* Your assignment
Copy nothing before the line containing "white baroque style". Reproduce that line and all that follow, exactly, through the end of the records.

--- Provided data Enclosed Below ---

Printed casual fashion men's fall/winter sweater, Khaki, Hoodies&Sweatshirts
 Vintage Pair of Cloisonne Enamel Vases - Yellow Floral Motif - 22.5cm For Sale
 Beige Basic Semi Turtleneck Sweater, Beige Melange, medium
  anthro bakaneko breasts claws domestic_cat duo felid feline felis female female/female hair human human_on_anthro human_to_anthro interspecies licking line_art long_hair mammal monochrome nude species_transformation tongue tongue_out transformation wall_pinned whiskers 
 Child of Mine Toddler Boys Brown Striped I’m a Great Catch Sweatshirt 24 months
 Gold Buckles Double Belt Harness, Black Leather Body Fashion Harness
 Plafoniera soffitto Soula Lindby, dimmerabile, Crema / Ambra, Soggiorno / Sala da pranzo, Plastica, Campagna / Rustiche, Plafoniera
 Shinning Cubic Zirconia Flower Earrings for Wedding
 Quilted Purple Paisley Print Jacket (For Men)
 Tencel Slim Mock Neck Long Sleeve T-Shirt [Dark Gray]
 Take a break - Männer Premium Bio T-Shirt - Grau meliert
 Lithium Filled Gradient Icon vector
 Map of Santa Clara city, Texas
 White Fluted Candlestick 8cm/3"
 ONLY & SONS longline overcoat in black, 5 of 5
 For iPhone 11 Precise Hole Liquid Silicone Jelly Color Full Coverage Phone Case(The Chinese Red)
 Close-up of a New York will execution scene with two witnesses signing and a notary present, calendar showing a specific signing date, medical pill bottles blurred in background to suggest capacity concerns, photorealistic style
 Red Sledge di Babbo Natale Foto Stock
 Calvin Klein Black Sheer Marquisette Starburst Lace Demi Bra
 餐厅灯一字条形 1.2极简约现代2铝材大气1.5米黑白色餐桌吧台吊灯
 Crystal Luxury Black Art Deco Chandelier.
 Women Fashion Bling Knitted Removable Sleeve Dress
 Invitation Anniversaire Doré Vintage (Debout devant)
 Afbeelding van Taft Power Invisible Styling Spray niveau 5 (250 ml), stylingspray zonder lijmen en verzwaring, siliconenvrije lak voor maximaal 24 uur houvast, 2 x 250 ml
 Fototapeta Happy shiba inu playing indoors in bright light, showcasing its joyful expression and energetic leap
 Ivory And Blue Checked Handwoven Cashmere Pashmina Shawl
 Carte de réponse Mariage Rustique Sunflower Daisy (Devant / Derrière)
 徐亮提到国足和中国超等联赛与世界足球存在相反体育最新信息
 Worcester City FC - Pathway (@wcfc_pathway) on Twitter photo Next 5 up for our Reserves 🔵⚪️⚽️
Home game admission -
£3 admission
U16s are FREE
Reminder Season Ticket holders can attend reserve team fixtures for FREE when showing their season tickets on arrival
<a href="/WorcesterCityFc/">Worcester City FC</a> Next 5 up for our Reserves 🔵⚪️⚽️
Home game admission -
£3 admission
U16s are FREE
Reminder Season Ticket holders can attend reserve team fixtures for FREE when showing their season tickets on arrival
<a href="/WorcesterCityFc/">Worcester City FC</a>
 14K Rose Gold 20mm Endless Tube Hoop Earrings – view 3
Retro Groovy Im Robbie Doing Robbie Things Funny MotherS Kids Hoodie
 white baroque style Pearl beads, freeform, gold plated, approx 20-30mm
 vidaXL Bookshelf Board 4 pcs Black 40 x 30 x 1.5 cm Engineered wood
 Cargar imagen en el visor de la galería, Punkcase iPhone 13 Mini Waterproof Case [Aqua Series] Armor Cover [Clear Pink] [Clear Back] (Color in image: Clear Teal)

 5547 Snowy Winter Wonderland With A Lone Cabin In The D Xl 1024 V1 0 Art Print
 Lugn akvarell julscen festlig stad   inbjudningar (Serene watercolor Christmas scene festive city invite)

--- End of Enclosed Provided data ---

* Result below
 white baroque style Pearl beads, freeform, gold plated, approx 20-30mm
 vidaXL Bookshelf Board 4 pcs Black 40 x 30 x 1.5 cm Engineered wood
 Cargar imagen en el visor de la galería, Punkcase iPhone 13 Mini Waterproof Case [Aqua Series] Armor Cover [Clear Pink] [Clear Back] (Color in image: Clear Teal)

 5547 Snowy Winter Wonderland With A Lone Cabin In The D Xl 1024 V1 0 Art Print
 Lugn akvarell julscen festlig stad   inbjudningar (Serene watercolor Christmas scene festive city invite)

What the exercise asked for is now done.